◆ Aim of the exercise:
Only the pictures are to be dropped; return all other data below exactly.

◆ Data extract:
####
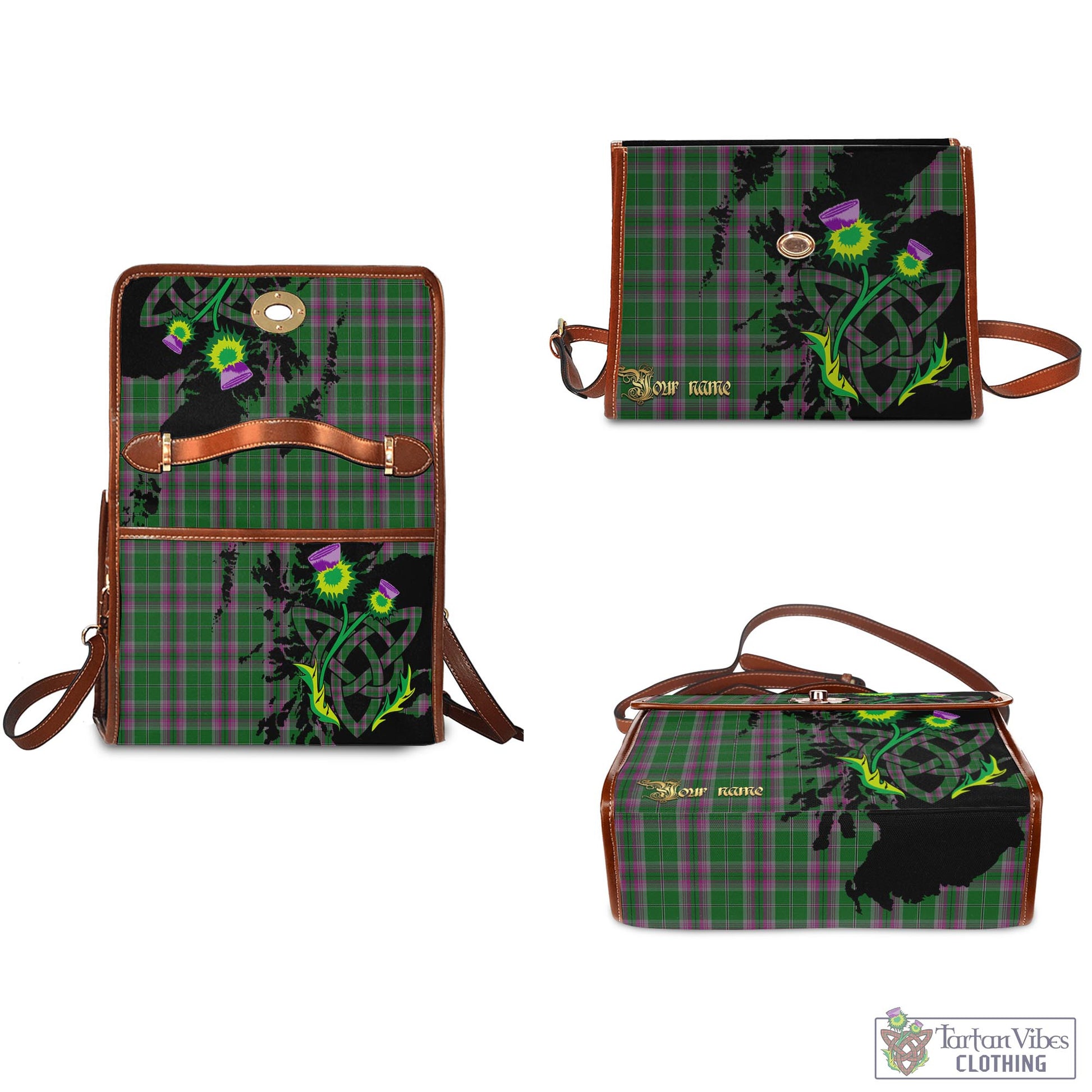 Tartan Vibes Clothing Gray Hunting Tartan Waterproof Canvas Bag with Scotland Map and Thistle Celtic Accents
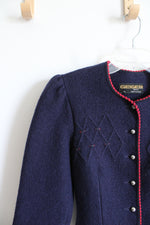 Geiger Vintage Embroidered Trim Navy Boiled Wool Cardigan Sweater | 34 (4)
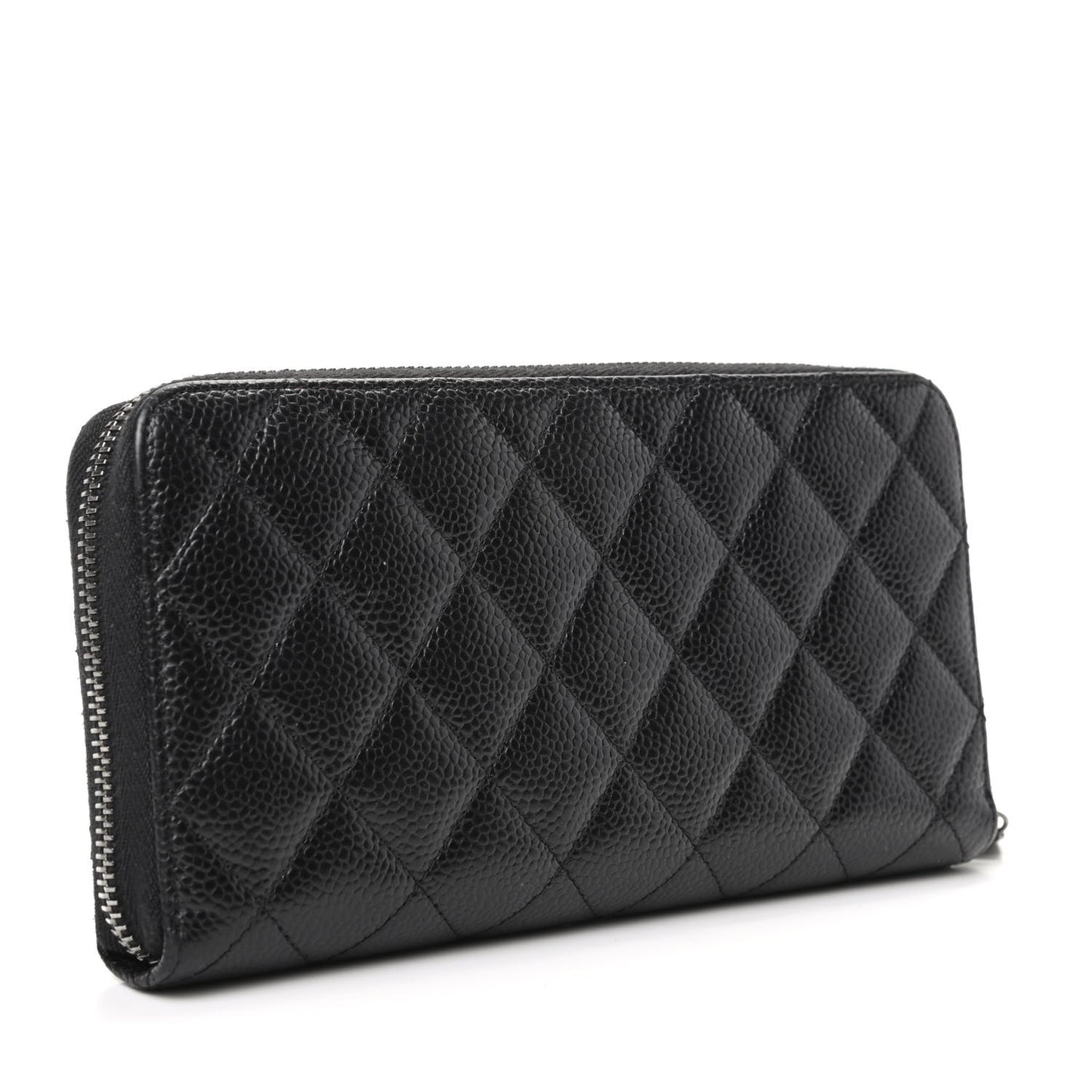 Caviar Quilted Large Gusset Zip Around Wallet Black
####
◆ Result of the task:
 Tartan Vibes Clothing Gray Hunting Tartan Waterproof Canvas Bag with Scotland Map and Thistle Celtic Accents
 Geiger Vintage Embroidered Trim Navy Boiled Wool Cardigan Sweater | 34 (4)
 Caviar Quilted Large Gusset Zip Around Wallet Black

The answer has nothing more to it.